= TASK PROMPT =
Reprint the lines below as they are, minus the pictures.

= INPUT FOR THIS TASK =
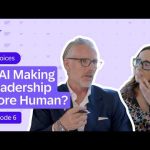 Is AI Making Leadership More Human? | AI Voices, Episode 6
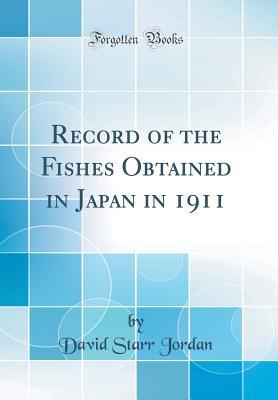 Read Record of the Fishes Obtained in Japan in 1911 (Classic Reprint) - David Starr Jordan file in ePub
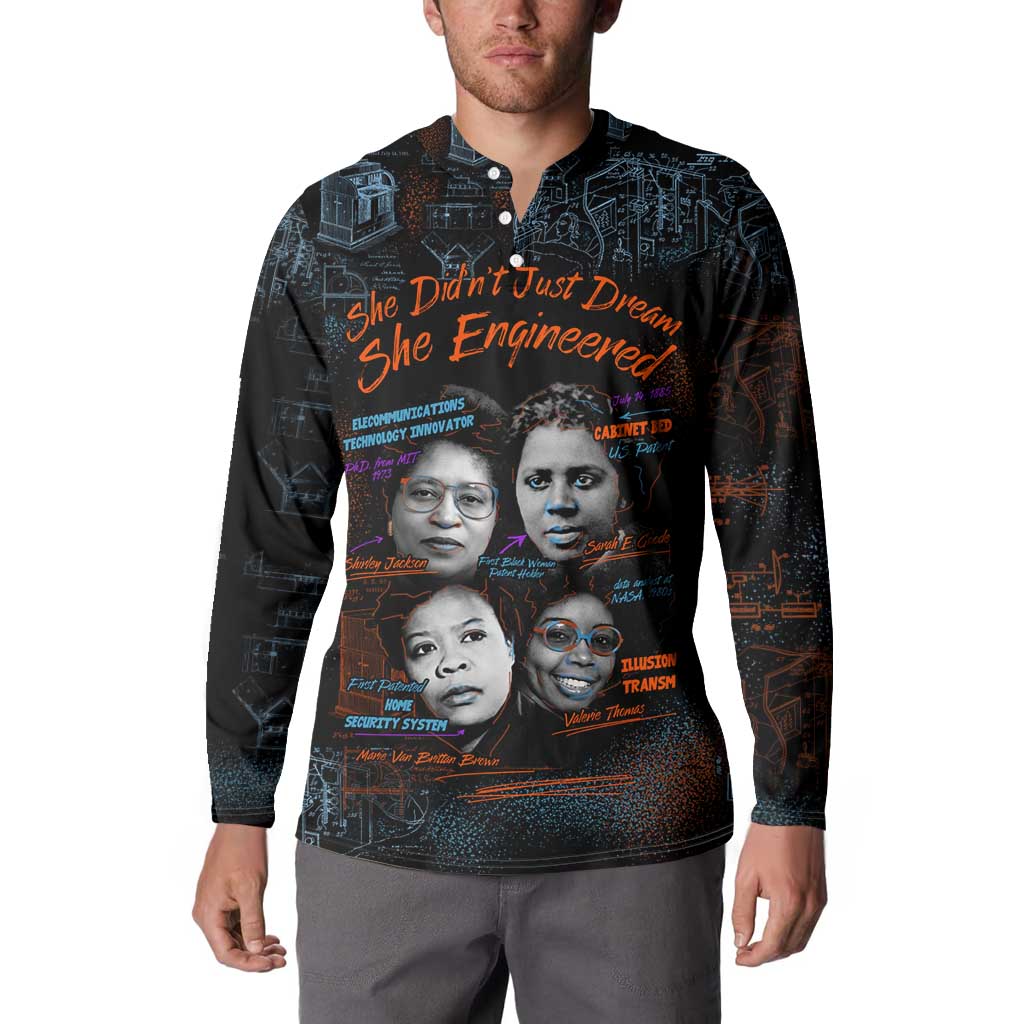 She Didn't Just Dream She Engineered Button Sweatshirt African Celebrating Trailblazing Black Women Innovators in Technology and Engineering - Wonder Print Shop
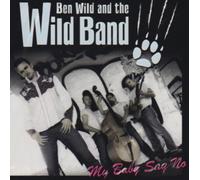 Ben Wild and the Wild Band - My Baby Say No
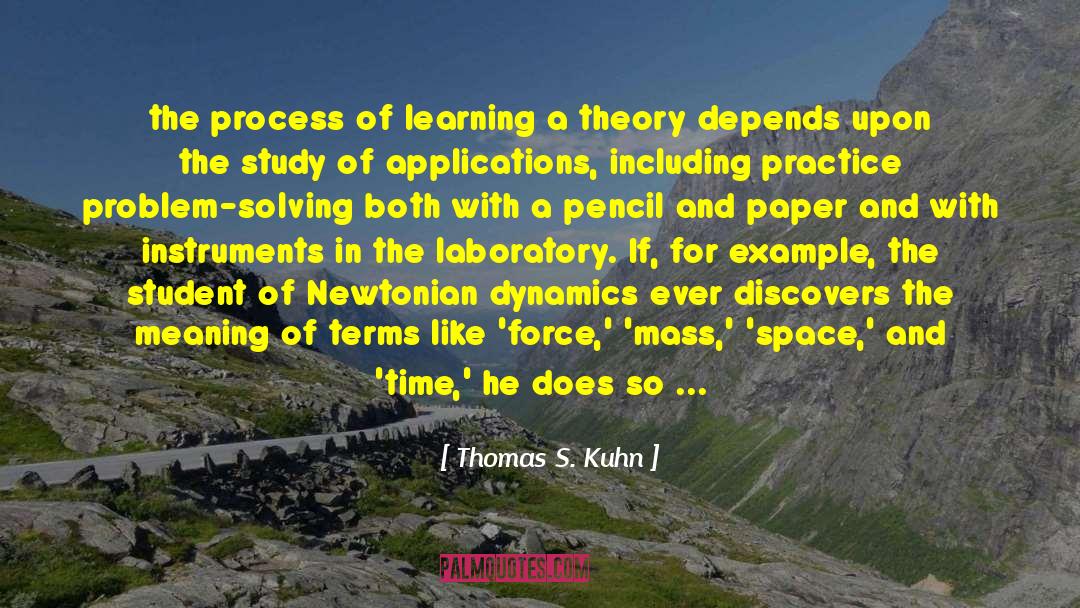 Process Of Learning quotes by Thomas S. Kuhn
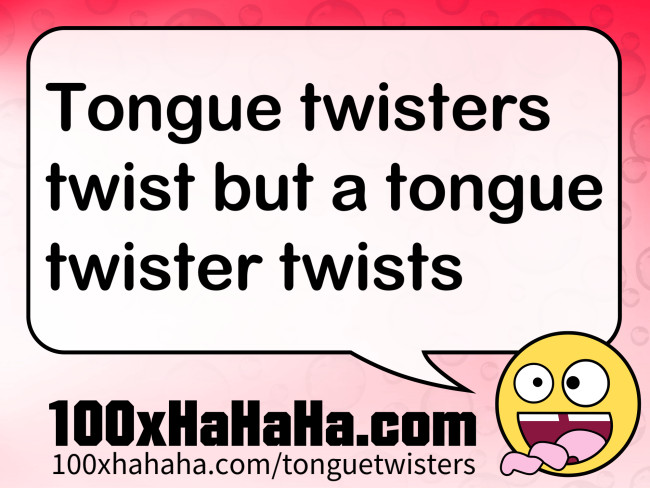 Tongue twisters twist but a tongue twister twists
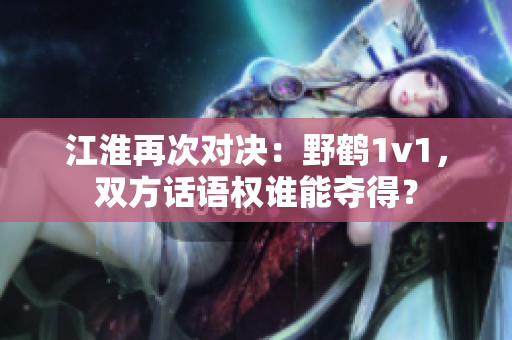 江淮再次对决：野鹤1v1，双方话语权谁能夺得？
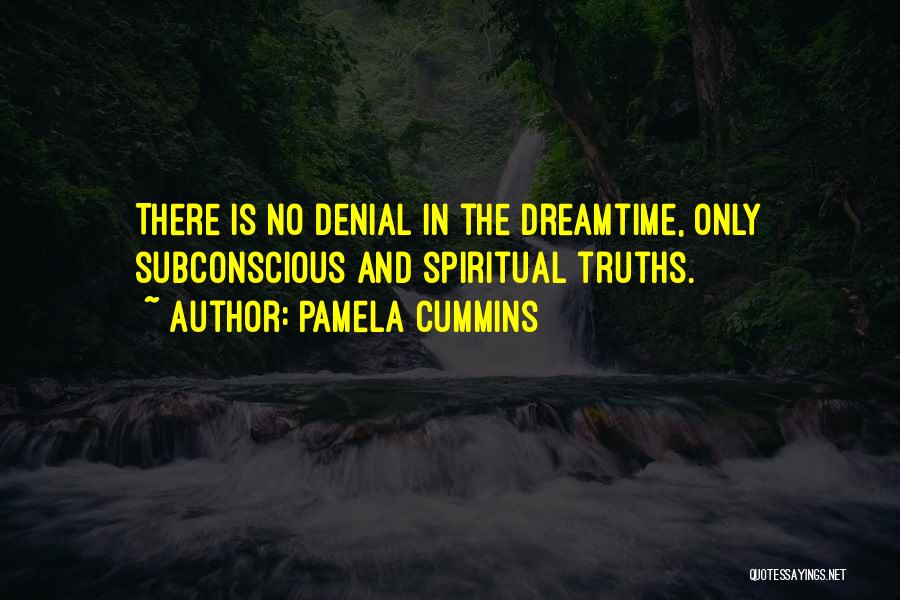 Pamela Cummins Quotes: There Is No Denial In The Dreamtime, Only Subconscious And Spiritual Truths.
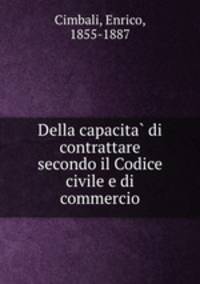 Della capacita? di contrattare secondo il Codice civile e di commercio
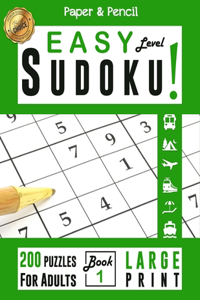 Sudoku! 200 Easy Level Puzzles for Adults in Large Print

= OUTPUT FOR THIS EXERCISE =
 Is AI Making Leadership More Human? | AI Voices, Episode 6
 Read Record of the Fishes Obtained in Japan in 1911 (Classic Reprint) - David Starr Jordan file in ePub
 She Didn't Just Dream She Engineered Button Sweatshirt African Celebrating Trailblazing Black Women Innovators in Technology and Engineering - Wonder Print Shop
 Ben Wild and the Wild Band - My Baby Say No
 Process Of Learning quotes by Thomas S. Kuhn
 Tongue twisters twist but a tongue twister twists
 江淮再次对决：野鹤1v1，双方话语权谁能夺得？
 Pamela Cummins Quotes: There Is No Denial In The Dreamtime, Only Subconscious And Spiritual Truths.
 Della capacita? di contrattare secondo il Codice civile e di commercio
 Sudoku! 200 Easy Level Puzzles for Adults in Large Print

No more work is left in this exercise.